Designing CPHASE Gates with Arbitrary Phase by Structural Modification of the Fong-Wandzura Sequence

We design efficient arbitrary CPHASE gates for exchange-only spin-based quantum computation in which quantum gates are carried out by sequences of exchange pulses acting on qubits encoded using three or more spins. The construction we present is motivated by our analytic derivation [1] of the Fong-Wandzura sequence [2], the shortest known pulse sequence for an exact CNOT gate (for a linear array of spins).
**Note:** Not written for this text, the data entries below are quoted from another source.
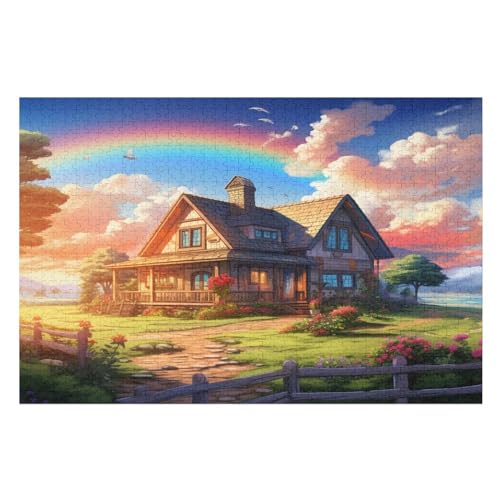 Sweet Landschaft Puzzles 1000 Teile Erwachsener Kniffel Spaß Für Die Ganze Familie, Holzpuzzle Kinder Erwachsene, Impossible Puzzle Schwer （75×50cm） von LTTTT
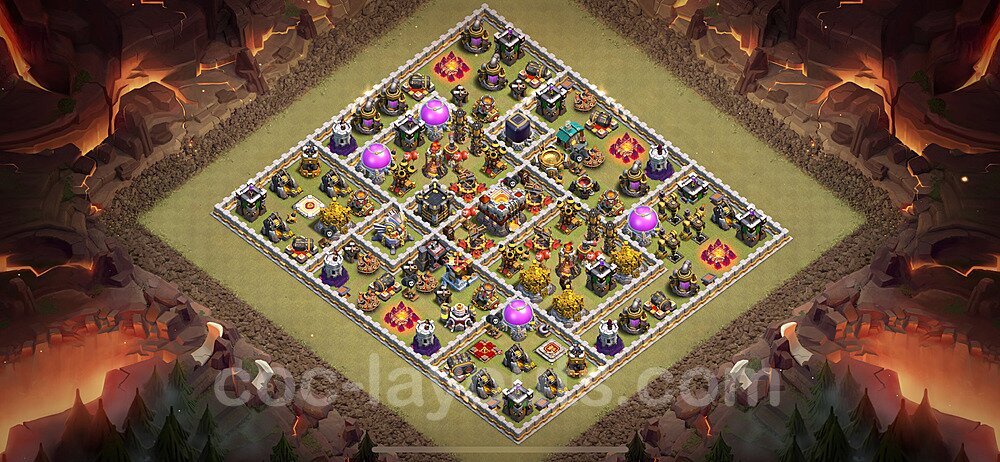 New TH11 Hybrid Base – Anti 3-Star Design & Copy Link CoC 2026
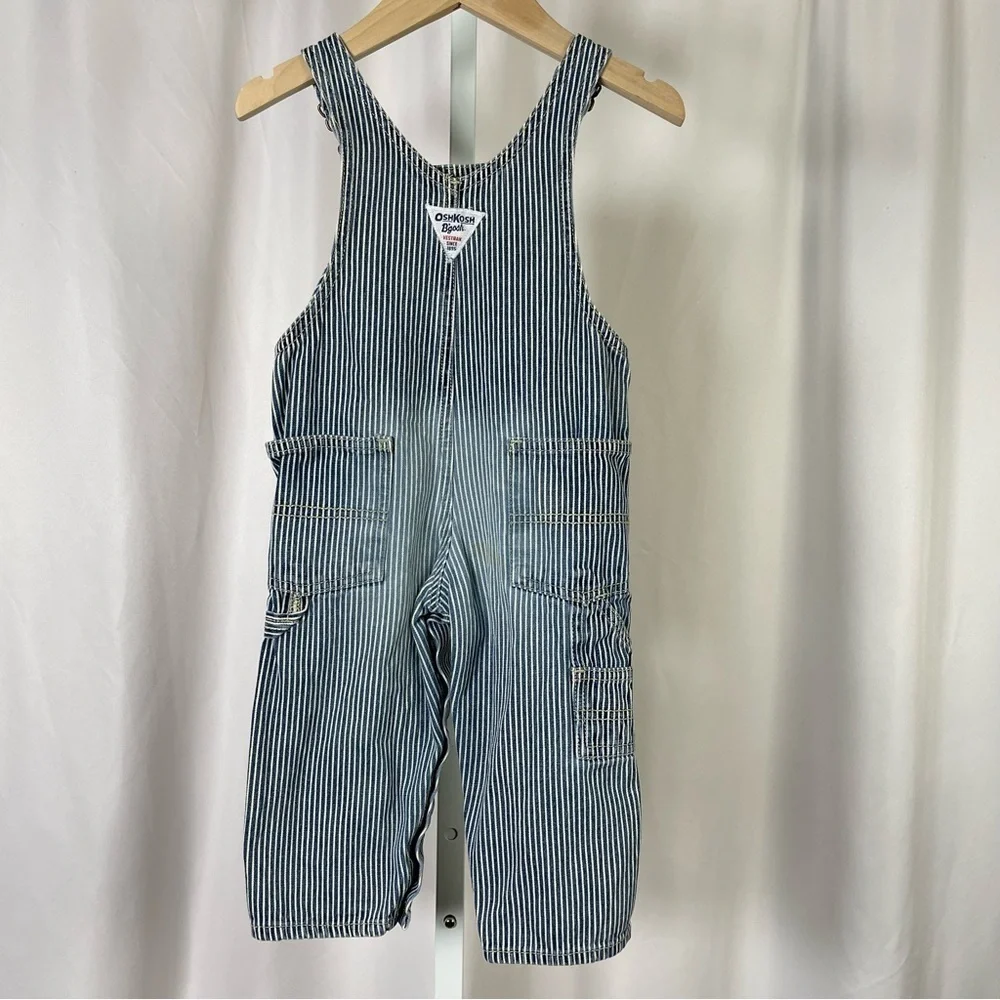 OshKosh B'gosh 18 Months Pinstripe Overalls Retro Outdoor Rugged Chore Barn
This earlier derivation is based on a type of elevation of a simple five-pulse sequence consisting only of SWAP or trivial pulses, which captures the essential structure of the Fong-Wandzura sequence. In the present construction, we introduce and evaluate a modified simple five-pulse sequence consisting of four SWAP pulses and one pulse of arbitrary duration. We then show how this sequence can be elevated in a fashion similar to that of our Fong-Wandzura derivation, to yield a leakage-free entangling two-qubit sequence that carries out a gate operation locally equivalent to arbitrary CPHASE.

[1] D. Zeuch and N. E. Bonesteel, Physical Review A 93 (2016).
[2] B. H. Fong and S. M. Wandzura, Quantum Information & Computation 11 (2011).